Amyloid β-Cu2+ Complexes in both Monomeric and Fibrillar Forms Do Not Generate H2O2 Catalytically but Quench Hydroxyl Radicals

Oxidative stress plays a key role in Alzheimer's disease (AD). In addition, the abnormally high Cu2+ ion concentrations present in senile plaques has provoked a substantial interest in the relationship between the amyloid beta peptide (A beta) found within plaques and redox-active copper ions. There have been a number of studies monitoring reactive oxygen species (ROS) generation by copper and ascorbate that suggest that A beta acts as a prooxidant producing H2O2. However, others have indicated A beta acts as an antioxidant, but to date most cell-free studies directly monitoring ROS have not supported this hypothesis. We therefore chose to look again at ROS generation by both monomeric and fibrillar forms of A beta under aerobic conditions in the presence of Cu2+ with/without the biological reductant ascorbate in a cell-free system.
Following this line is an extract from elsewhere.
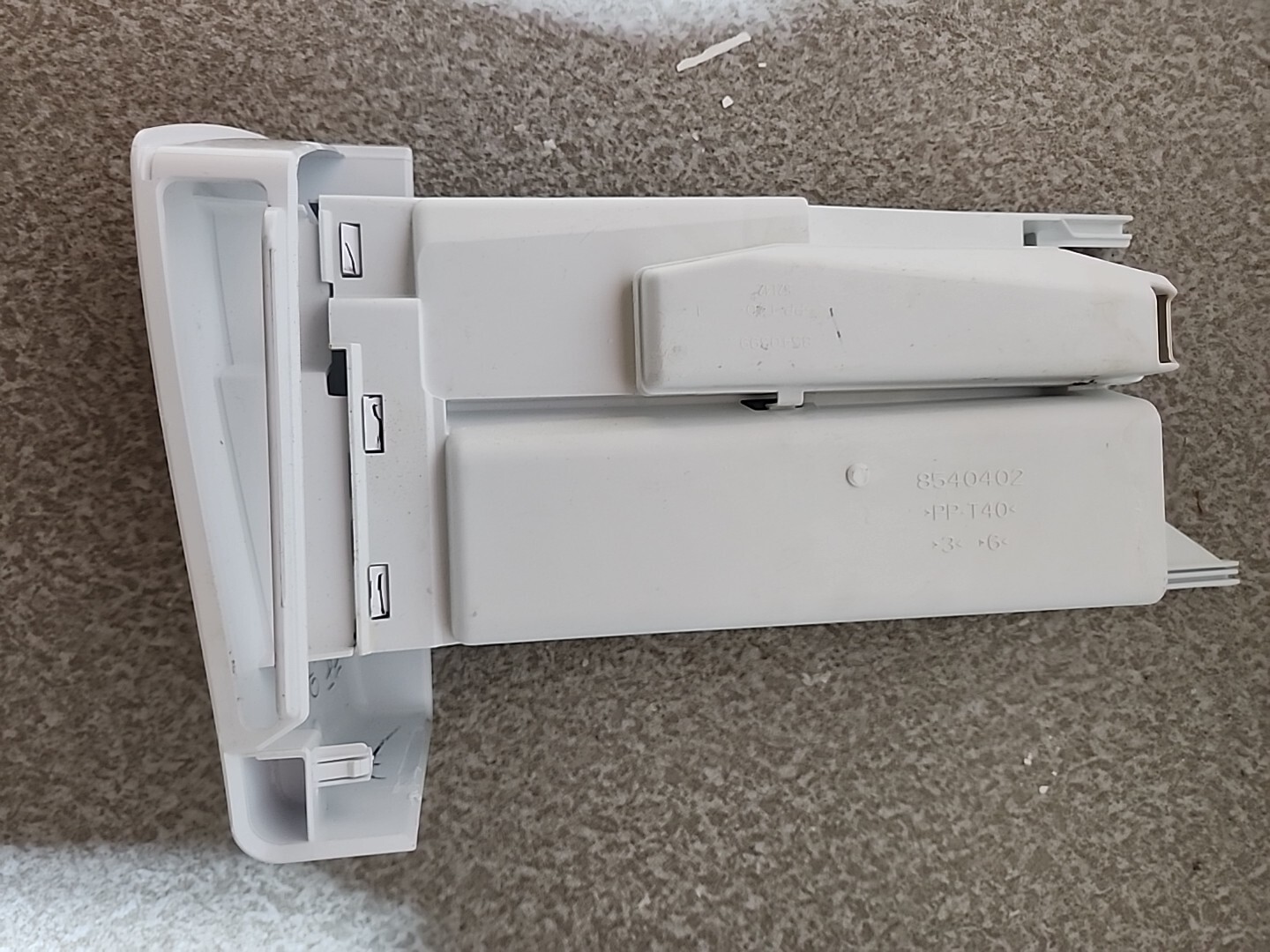 8540402 W10212810 Whirlpool Washer Detergent Dispenser Drawer 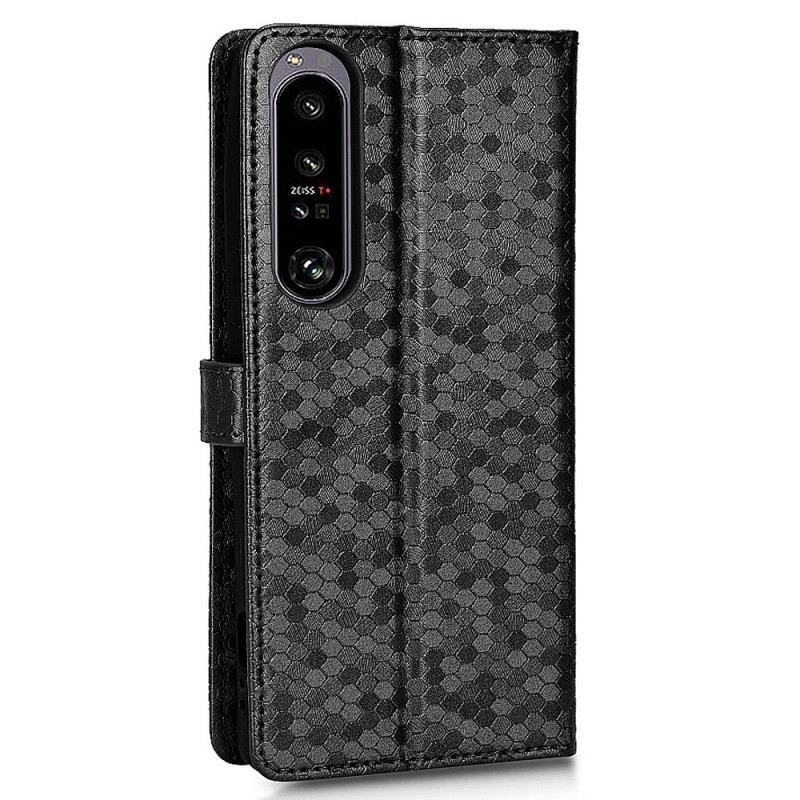 Fliptok / Bőrtok Sony Xperia 1 IV szíjjal 3d Strappy Design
We used a variety of fluorescence and absorption based assays to monitor the production of ROS, as well as Cu2+ reduction. In contrast to previous studies, we show here that A beta does not generate any more ROS than controls of Cu2+ and ascorbate. A beta does not silence the redox activity of Cu2+/+ via chelation, but rather hydroxyl radicals produced as a result of Fenton-Haber Weiss reactions of ascorbate and Cu2+ rapidly react with A beta; thus the potentially harmful radicals are quenched. In support of this, chemical modification of the A beta peptide was examined using H-1 NMR, and specific oxidation sites within the peptide were identified at the histidine and methionine residues. Our studies add significant weight to a modified amyloid cascade hypothesis in which sporadic AD is the result of A beta being upregulated as a response to oxidative stress. However, our results do not preclude the possibility that A beta in an oligomeric form may concentrate the redox-active copper at neuronal membranes and so cause lipid peroxidation.